Primero. El modelo constitucional y territorial del Estado. Un modelo que entendíamos afianzado en una recta interpretación de los principios constitucionales de unidad, igualdad y solidaridad (artículo 2 CE), pero que una irresponsable política autonómica ha puesto en discusión. Si se desea por algunos una modificación del modelo territorial -algo posible, pues la Constitución carece de cláusulas de intangibilidad- puede hacerse (¡por más que me parezca un desatino!), pero eso sí, siempre que se disponga de las mayorías cualificadas. Lo que no puede asumirse es una alteración del marco territorial a través de espúrias mutaciones constitucionales estatutarias que subviertan, de iure o de facto, el orden territorial fijado en la Constitución.

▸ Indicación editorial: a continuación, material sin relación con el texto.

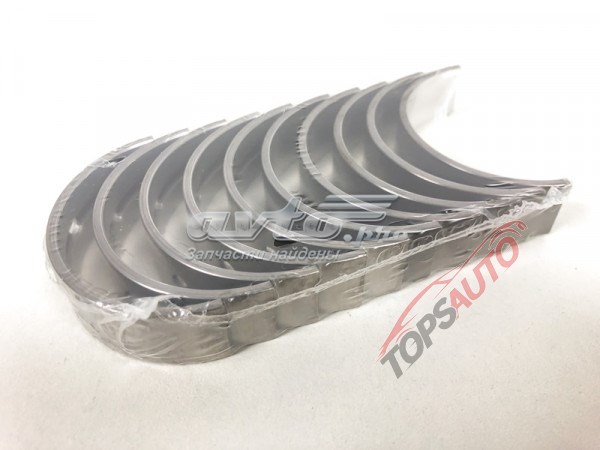 Купить R752A050 Taiho Вкладыши коленвала коренные, комплект, 2-й ремонт (+0,50)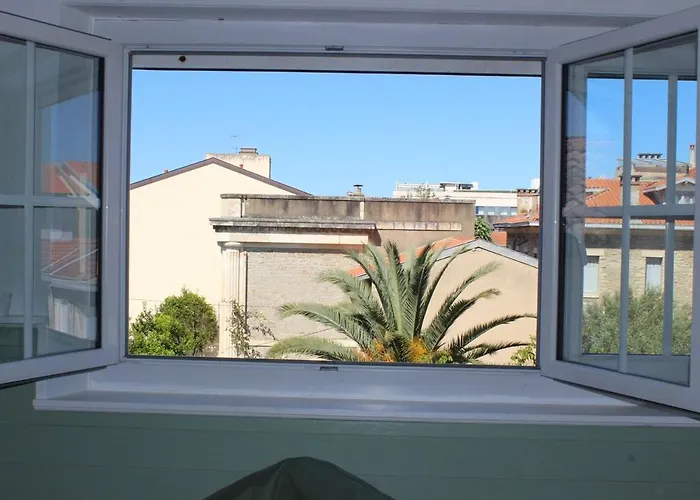 Apartman Joli Au Centre De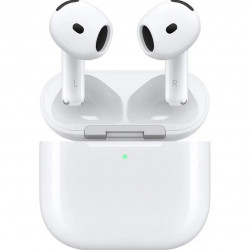 Бездротові навушники Apple AirPods 4 with Active Noise Cancellation (MXP93)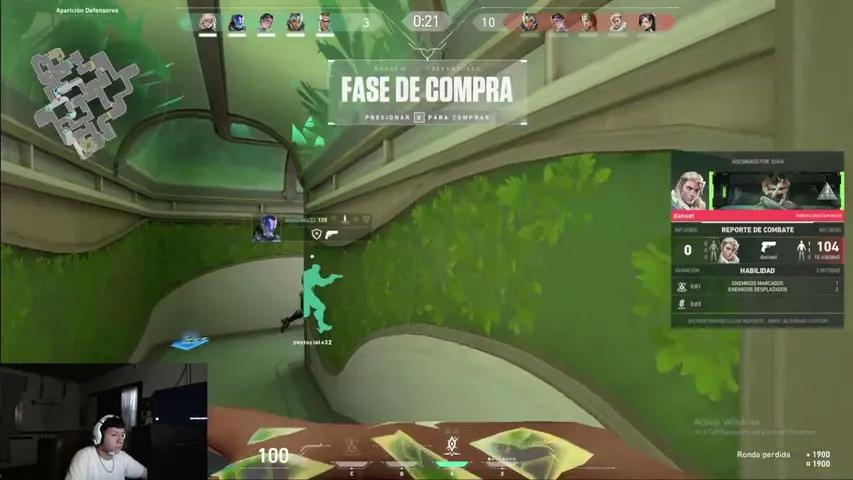 BARDEROS CLICKA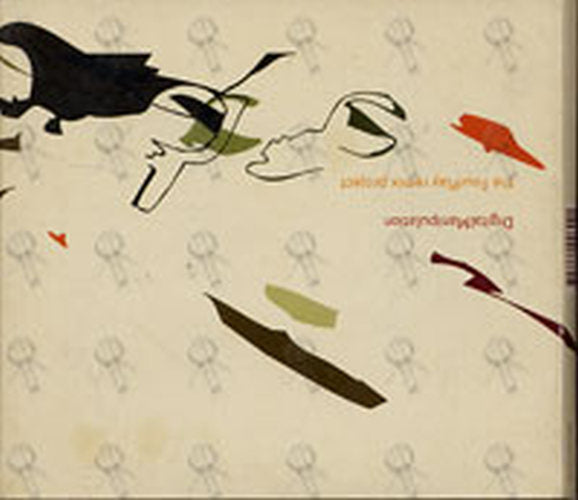VARIOUS ARTISTS - The FourPlay Remix Project - 2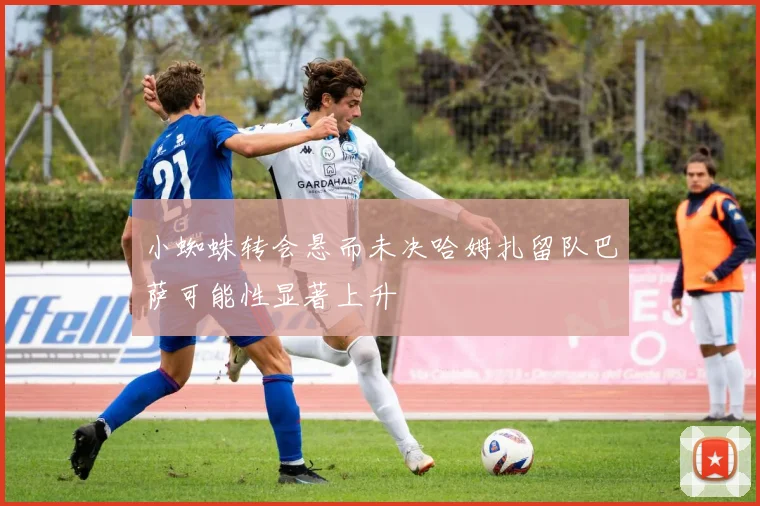 小蜘蛛转会悬而未决哈姆扎留队巴萨可能性显著上升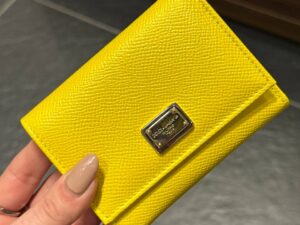 DOLCE & GABBANA OUTLETS 158225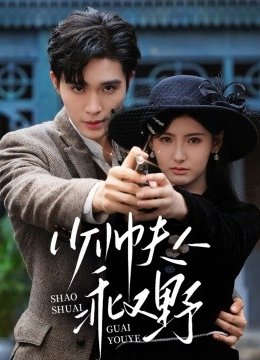 少帅夫人乖又野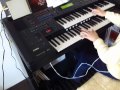 冬のソナタ　最初から今まで～　その②　（エレクトーン）
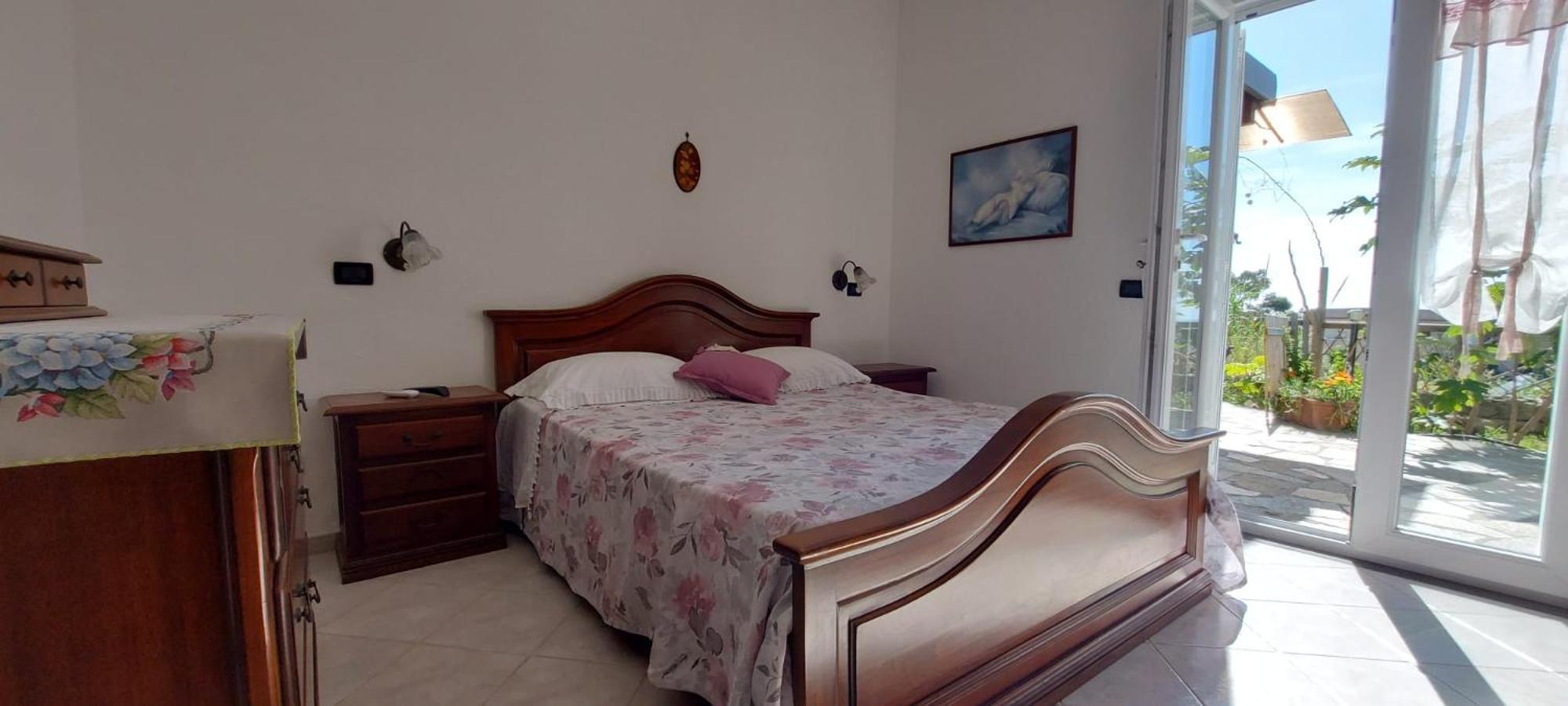 Villa Symphony Sea View Forio di Ischia エクステリア 写真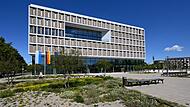 Strafjustizzentrum M&uuml;nchen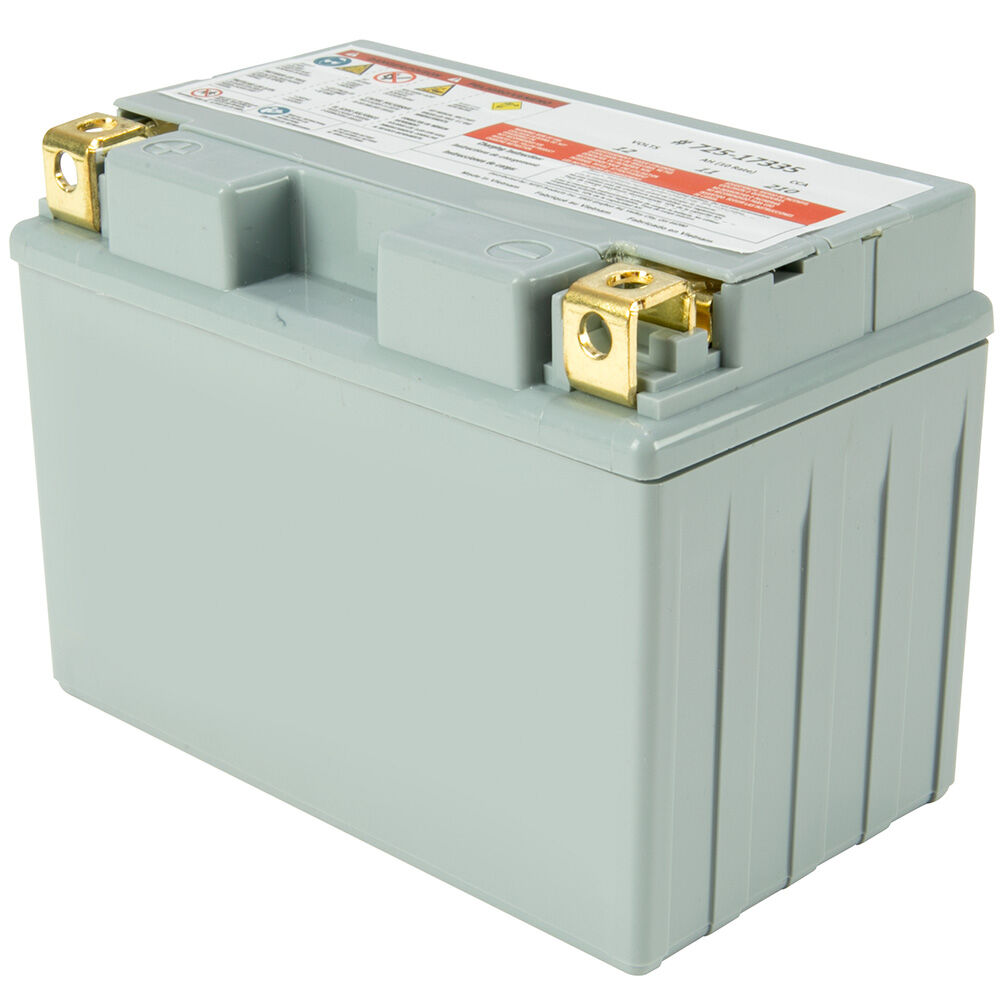 12-Volt AGM Lawn and Garden Battery - 210 CCA - 725P17335 | GFP US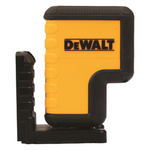 DEWALT Laser Level, 3 Spot Laser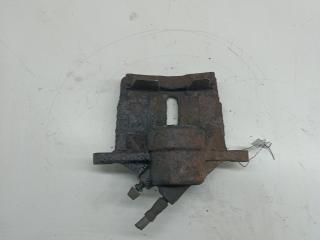 суппорт передний правый Ford Mondeo 3 поколение [рестайлинг] 2004, 2.2 л., дизель, МКПП, чёрный, универсал, 02041129BOSCH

Segundo. El régimen de derechos y libertades públicas. Unos derechos que hasta ahora entendíamos eran privativos de los ciudadanos, y nunca de los pueblos. Unos derechos -presididos por las notas de igualdad y solidaridad- que no pueden quedar al socaire de tratamientos complementarios o alternativos en ciertos Estatutos de Autonomía o en algunas disposiciones legislativas emanadas de las Comunidades Autónomas. Si en el caso anterior, teníamos mucho que decir en nuestra condición de ciudadanos, que les voy a señalar ahora, cuando se afecta, ni más ni menos, que al contenido axiológico de la Constitución: los derechos fundamentales y libertades públicas, insisto, de ciudadanos libres e iguales ante la ley en cualquier parte del territorio nacional. ¿Qué cuáles son mis títulos esgrimibles para ello? Uno, político: mi reseñada condición de ciudadano. Otro, jurídico: el propio artículo 23 de la Constitución, me concede, nos concede, el derecho de participación en los asuntos públicos de forma representativa o directa. En palabras de Arnaldo Alcubilla, «respetando el carácter esencialmente representativo de nuestra democracia, no se ve incompatibilidad alguna con el reforzamiento de las técnicas de participación directa, pues coadyuvan adecuadamente en la profundización en la democracia sin adjetivos, en cuanto aseguran una participación más integral, en cuanto permiten un mayor control popular del poder monopolizado por los partidos políticos, sin poner en discusión su condición de actores protagonistas de la escena política.» Por eso, en tales materias tan esenciales para todos quiero, como ciudadano, y no mero súbdito, ser escuchado.
Pedro González-Trevijano, Rector de la Universidad Rey Juan Carlos.